BOMBAY — The Town of Bombay will tackle property revaluation for the first time in its history, including parcels in the St. Regis Mohawk tribal land-claims area.
The impact when all 898 parcels are valued by Assessor David Rotman will show up on September 2014 school-tax bills and town-tax bills in January 2015.
A presentation on the process will be made to the Town Council by the assessor and a representative of the State Office of Real Property Services at its next meeting at 7 p.m. Tuesday, March 12.
Property tax is calculated using a town’s taxable assessed-property value set by the assessor and the town’s total market value, which is determined by the state, using a complicated formula.
If a town’s taxable assessed value is raised to 100 percent during a revaluation, the tax rate per $1,000 of assessed-property value will decrease as long as the town’s overall levy stays roughly the same.
In Franklin County, seven towns have 100 percent valuation, four are in the 90 percent range, six are in the 60, 70 and 80 percent range, and Constable is at 11.07 percent.
Bombay is at 3.12 percent.
In 2013, Bombay residents were assessed $132.28 per $1,000 in property tax compared to $37.27 per $1,000 in Constable and a range of $4.09 to $6.58 per $1,000 in the other towns.
“These numbers are in the 1950s and 1960s era, and that is causing inequity to the roll,” Rotman said.
Basic information about each parcel must be gathered and cataloged, giving him a place to start.
“It’s a big project, and it’s never been done,” he said. “They had never entered data in the computer.”
In the past two years, Rotman and data collectors have been gathering the needed information, which he said is about 85 percent complete.
The reval begins when he goes back to visit each property to verify the data and make revisions.
Rotman will conduct the residential appraisals but will ask the Town Council to hire another appraiser to help value the town’s commercial properties, such as the parking lot at the Akwesasne Mohawk Casino, the Holiday Inn next door and Speedway Express.
“There are some complex properties in Bombay, and you don’t want to guess at a value,” he said. “There’s a whole process to this, and if the assessment is contested, I want the correct data to back it up.
“Commercial land sells for a lot more than other land, and I want to make sure our values are within certain parameters,” the assessor said. “I don’t want to be too low or too high. Equity is essential in a reval.”
MOHAWK LAND CLAIM
And so is impartiality, especially in the sensitive area of ownership of certain lands.
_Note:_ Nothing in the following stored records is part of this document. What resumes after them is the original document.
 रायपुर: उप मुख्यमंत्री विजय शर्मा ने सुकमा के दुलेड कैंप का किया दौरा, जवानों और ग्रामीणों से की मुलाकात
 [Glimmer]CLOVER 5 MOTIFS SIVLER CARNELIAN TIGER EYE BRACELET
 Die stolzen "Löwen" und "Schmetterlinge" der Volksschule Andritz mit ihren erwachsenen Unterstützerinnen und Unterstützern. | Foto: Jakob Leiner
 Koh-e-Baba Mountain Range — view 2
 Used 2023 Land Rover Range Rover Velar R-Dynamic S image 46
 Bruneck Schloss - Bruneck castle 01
The Mohawks filed suit in 1985, staking claim to 13,463 acres of land, and the largest chunk is in what is known as the Bombay Triangle near the casino.
The land claim is based on a treaty signed in 1796, involving parcels in northwest Franklin County and northeast St. Lawrence County that the tribe says were purchased over time by the state without proper federal approval.
“I’m the assessor. I don’t care about the land claim,” Rotman said. “All I care about is, if it’s a property in the Town of Bombay, it needs to be assessed.
“My question is, is the Town Council going to back me up? They are politicians, and I’m appointed.
“That’s a major concern of mine — if I will get the support I need when push comes to shove.
“I don’t care if it’s the town supervisor, his or her property will be given a value,” Rotman added. “I can’t care about who you are.”
‘NOT FAIR TO ALL’
Letters will go out to property owners in March 2014 announcing the new valuations and offering owners a chance to discuss the revisions with Rotman at an informal hearing.
If owners are not satisfied, they can go to the town’s Grievance Day the last week of May for a formal hearing and on to small-claims court if they are still not happy.
Another letter will go out in July 2014, affirming the final assessment-roll reval data, and the September 2014 school-tax bills will reflect the new taxes.
Rotman said it’s important to bring Bombay’s valuation to 100 percent.
“This has never happened before so for some people, it will be quite a shock,” he said.
“But it’s not fair to everybody in the county or the taxpayers of Bombay without equalization,” the assessor said. “Maybe the people of Bombay are paying too much.”